BB – E qual é o segredo para aos 91 anos manter-se disposta e animada ao trabalho?

Irmã Rosina – A Graça Divina nunca me faltou em vida e nossos colaboradores, voluntários e amigos estão dispostos a ajudar, e eu digo sempre: vocês são os que me empurram para prosseguir avante. Deus é meu tudo! Deus nunca falhou comigo, mas procuro também estar atenta em responder aos Seus apelos.

 BB – Qual ensinamento a senhora espera deixar para a posteridade?

Irmã Rosina – Que os olhares da humanidade se voltem para os oprimidos, para todos que estão mergulhados na opressão, no sofrimento, os que não têm voz nem vez, sobretudo aqueles que têm deixado suas pátrias e esmolam um pouco de paz em outro país.

BB – Os moradores de rua têm sido atualmente o público-alvo de seus trabalhos. O que eles podem ensinar para toda a sociedade?

Irmã Rosina – Que eles, como seres humanos, nasceram em um lar, em uma família e, que hoje, por circunstâncias diversas, estão onde estão.  Nunca fui desrespeitada por nenhum deles, pelo contrário, me respeitam muito e respondem aos apelos que faço.

 BB – És uma discípula de São Vicente de Paulo. Acredita que se ele estivesse vivo, se sentiria orgulhoso por ver que o legado dele se faz presente na senhora?

Irmã Rosina – Não posso afirmar isso, pois estou longe de fazer o que o ‘Pai da Caridade’ fazia. Só sei que me sinto orgulhosa de ser chamada vicentina, ‘Serva dos Pobres’.

BB – Comemoram-se em 2017 os ‘400 anos do Carisma Vicentino. O foco das celebrações é o ‘estrangeiro’. A palavra estrangeiro é geralmente atribuída a quem deixa seu país, no entanto, o significado é bem mais amplo, e envolve todas as pessoas que foram obrigadas a deixar suas casas. Neste contexto, pode-se afirmar que os moradores de rua também são estrangeiros?

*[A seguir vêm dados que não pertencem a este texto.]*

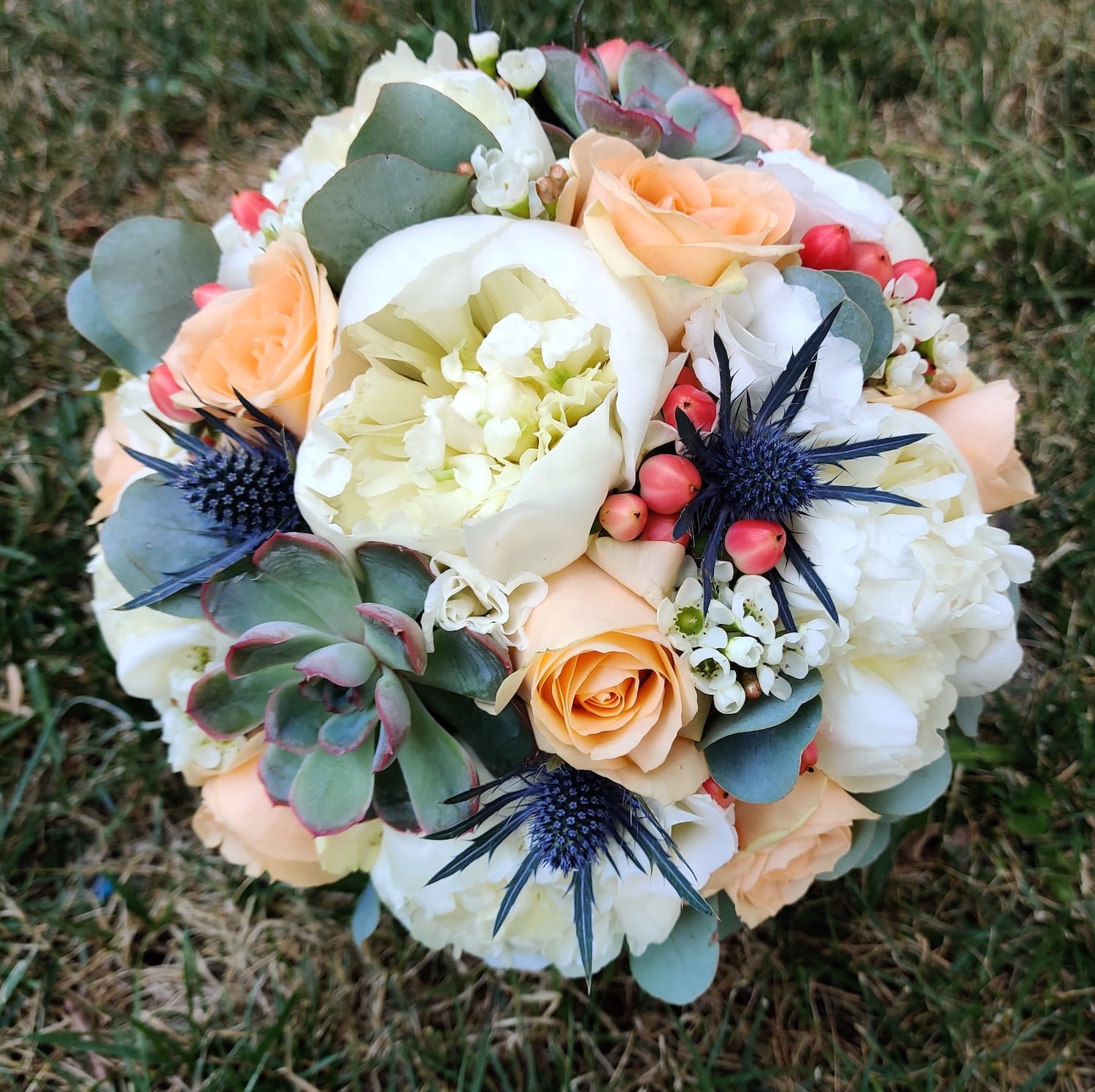 Bridal bouquet of peonies and roses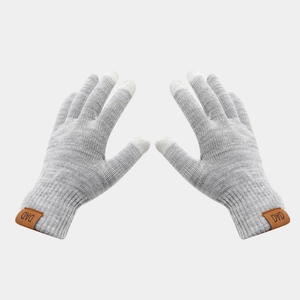 Detail of grey knitted touchscreen gloves featuring an embossed leather DAD label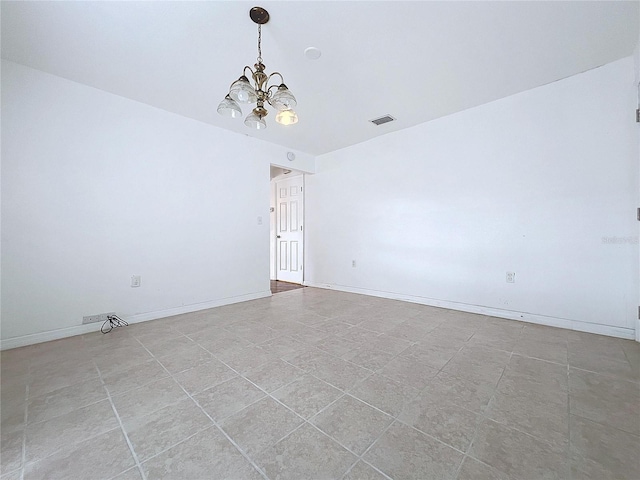 unfurnished room with a chandelier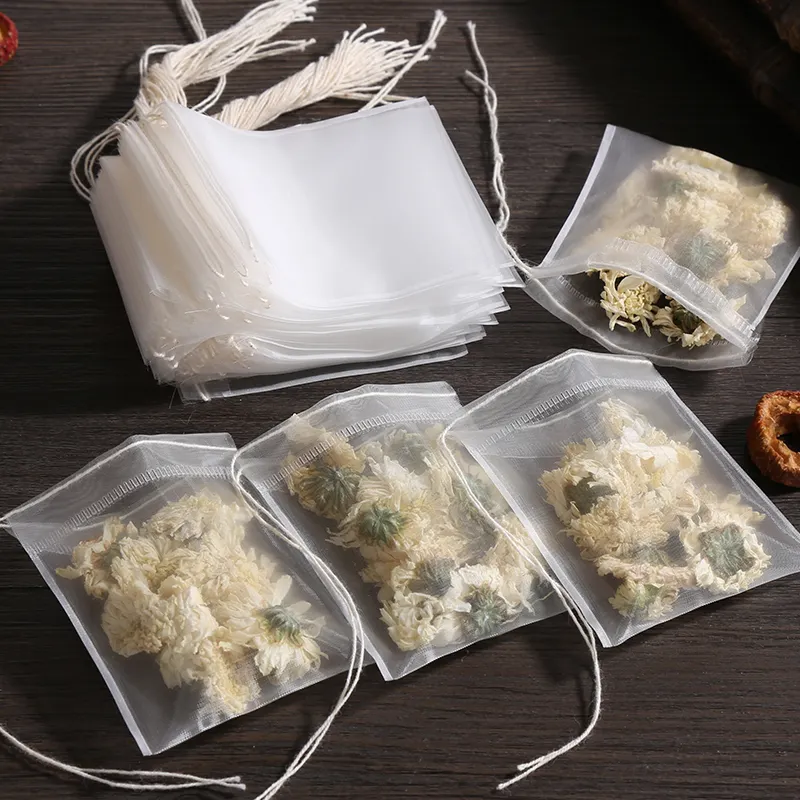Bolsa de té de nailon reutilizable de tela no tejida biodegradable con logotipo, bolsa piramidal de filtro de té con cordón, bolsa de té vacía personalizada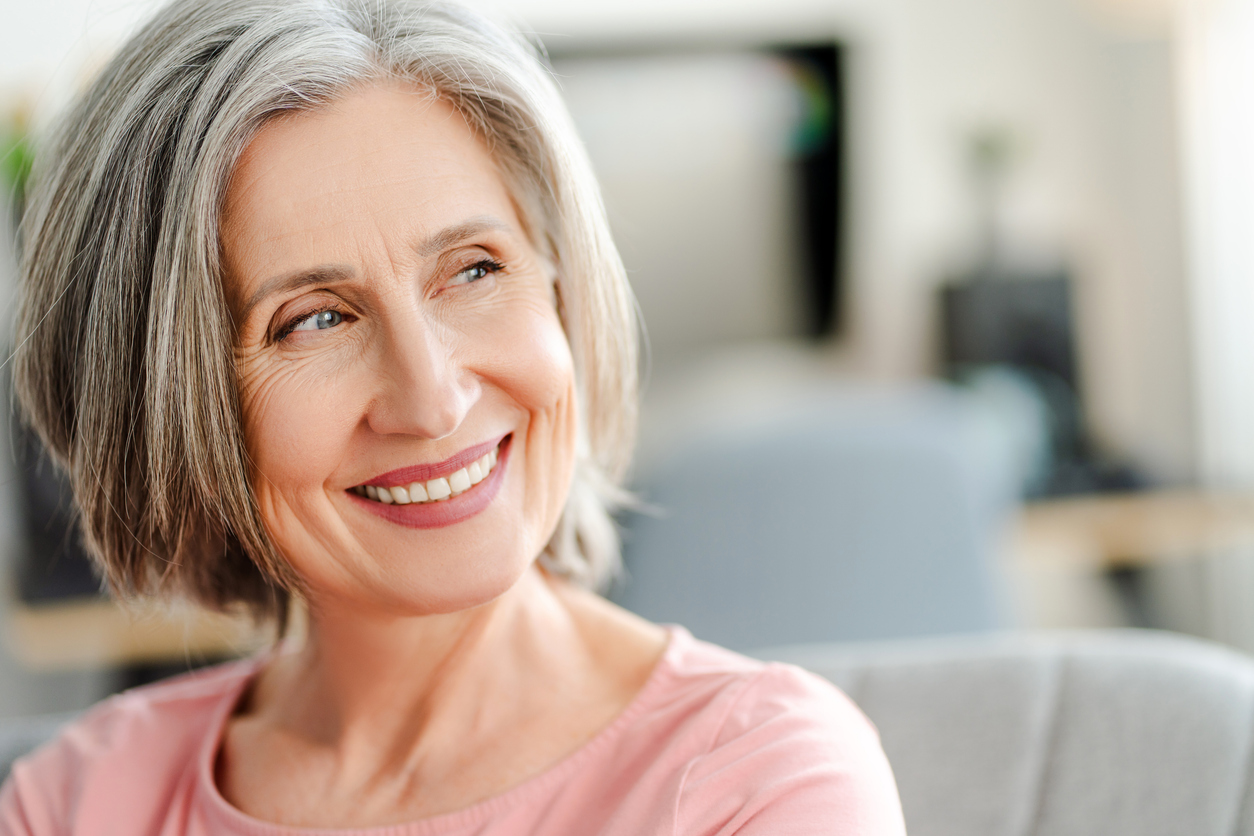 An older woman with gray hair smiles while sitting indoors, wearing a pink top.
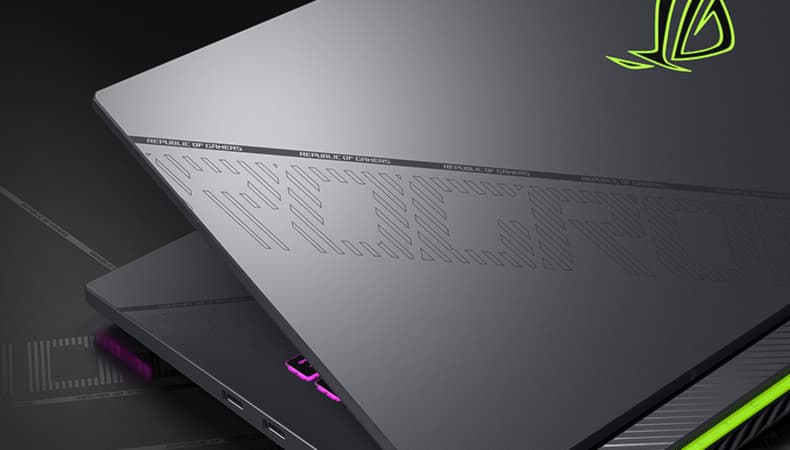 Nắp laptop được hiển thị với thiết kế họa tiết ROG và dấu gạch chéo phản chiếu ánh sáng xung quanh.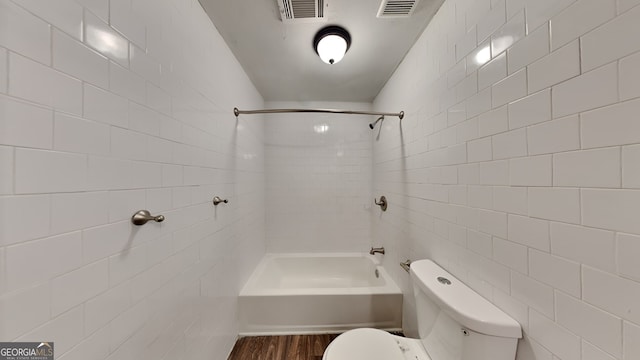 bathroom featuring hardwood / wood-style flooring, toilet, tiled shower / bath, and tile walls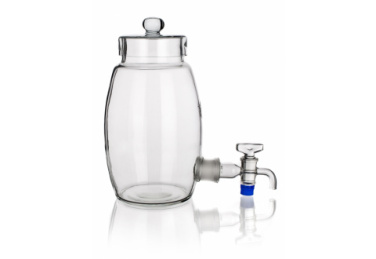 A clear glass beverage dispenser with a cylindrical body, a round lid on top, and a spigot attached to the lower side for easy pouring. The spigot is made of glass with a blue accent. The dispenser is placed against a plain white background.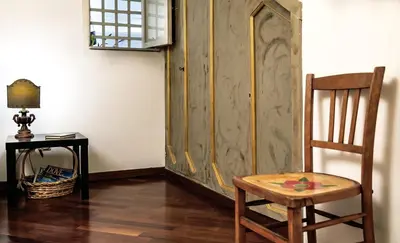 a chair and a wooden cabinet in a room at la Kalsa 14 nel centro storico di Palermo in Palermo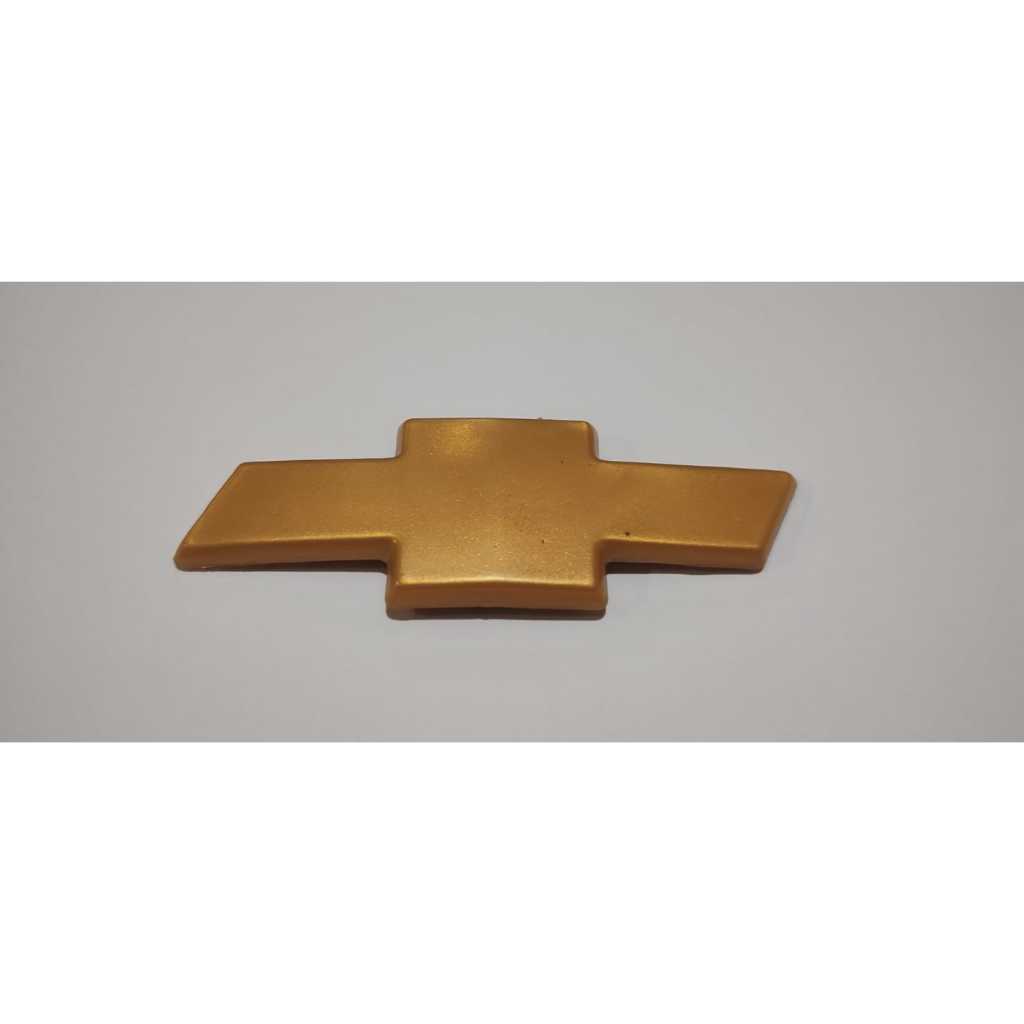 Emblema Aplique Gravata Dourada  Da Grade Astra 99 / 2010 Gravata Dourada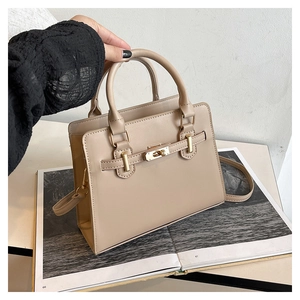 Detail of light beige tote bag with gold metal twist lock and structured leather texture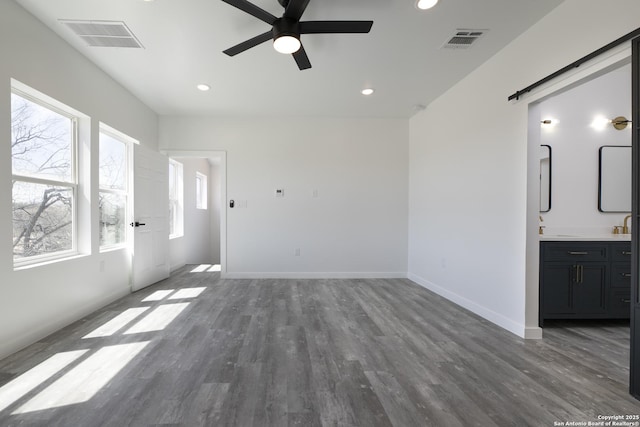 106 Bank St Unit 201, San Antonio, TX 78204 - unfurnished living room with visible vents, a ceiling fan, a barn door, and wood finished floors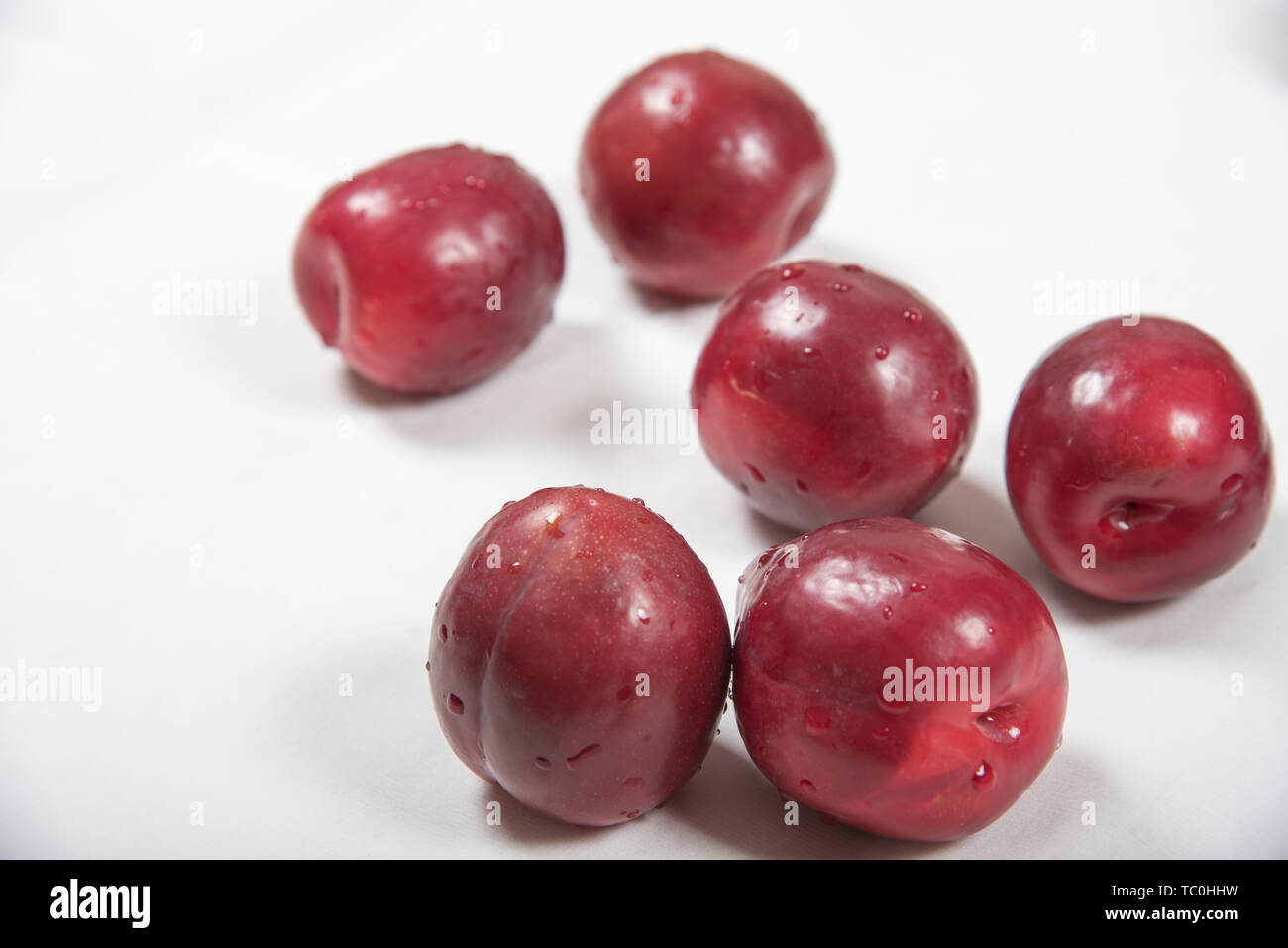 Casually laid red plum fruit on white background Stock Photo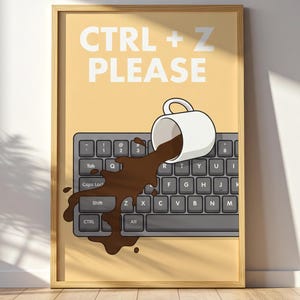 May include: A framed wall art print featuring a light yellow background with the white text CTRL + Z PLEASE at the top. Below the text, a white coffee mug is tipped over on a dark gray computer keyboard, spilling dark brown liquid across it.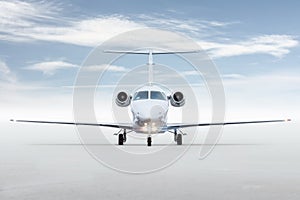 Front view of the modern white private jet isolated on bright background with sky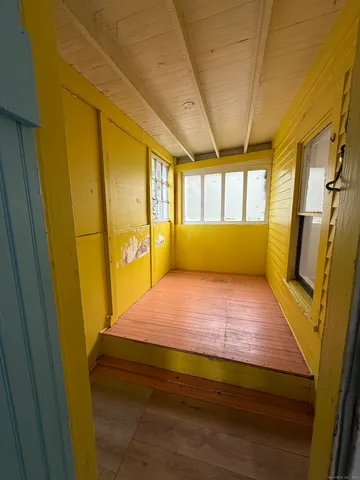 a view of hallway with wooden floor and furniture
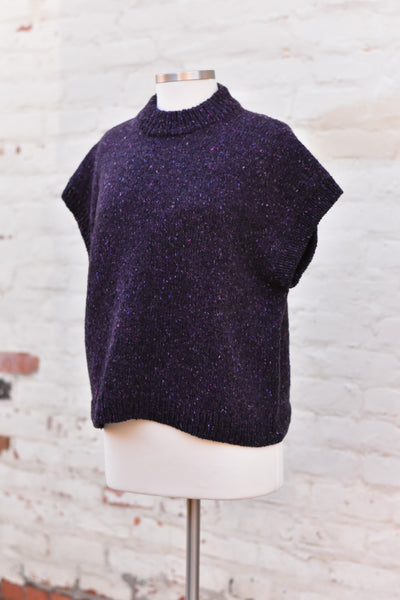 a dark purple knitted sleeveless top
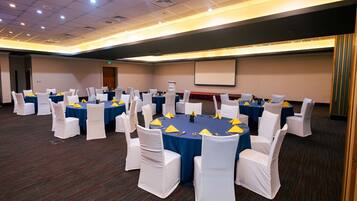 Un salón de conferencias con mesas redondas, sillas blancas y manteles azules.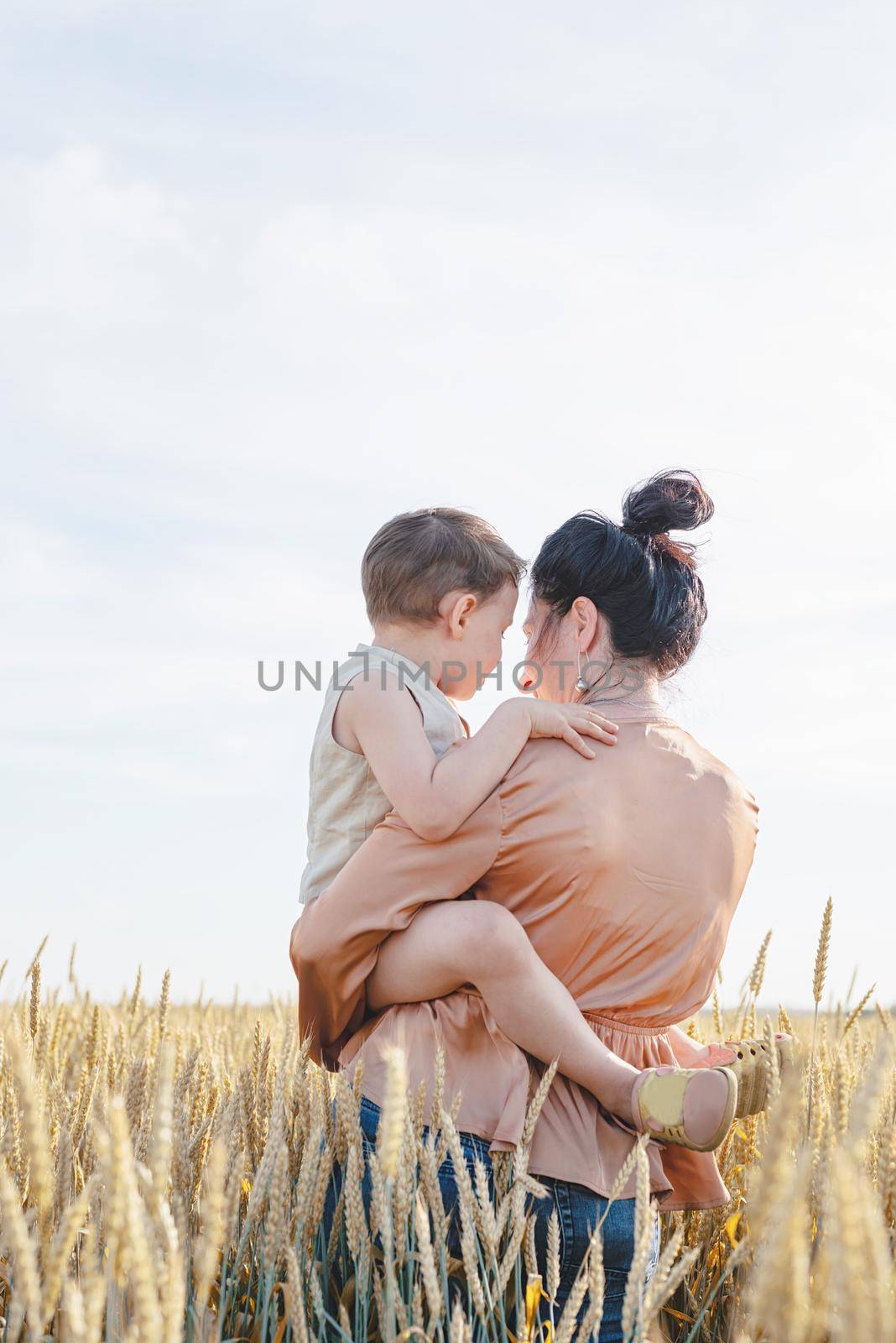 Happy family of mother and infant child walking on wheat field, hugging and kissing by Desperada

Irmã Rosina – Os moradores de rua não tendo referência são considerados verdadeiramente estrangeiros, pois lhe são negados todo o necessário para serem considerados cidadãos.

 BB – O que os vicentinos podem fazer por eles?

Irmã Rosina – Admiro todos os que se voltam ao trabalho vicentino, porém acho que deveria haver mais audácia, mais generosidade, pois, se São Vicente estivesse em nossas grandes cidades, o Pobre não seria tão desprezado como está. Acho necessário abrir novas frentes de atendimento, sobretudo aos idosos e aos mais jovens, frentes que os promovam e lhes proporcionem trabalho digno.

BB – A SSVP também atua em diversos bolsões de miséria. Deixe uma mensagem de incentivo ao trabalho dos confrades e consócias.

Irmã Rosina – Queridos (as) companheiros (as) destinados (as) por Deus para irem ao encontro de seus ‘Membros Sofredores’, entreguemo-nos a Eles e Os veremos para que as bênçãos divinas caiam em abundância para respondermos diariamente aos apelos divinos.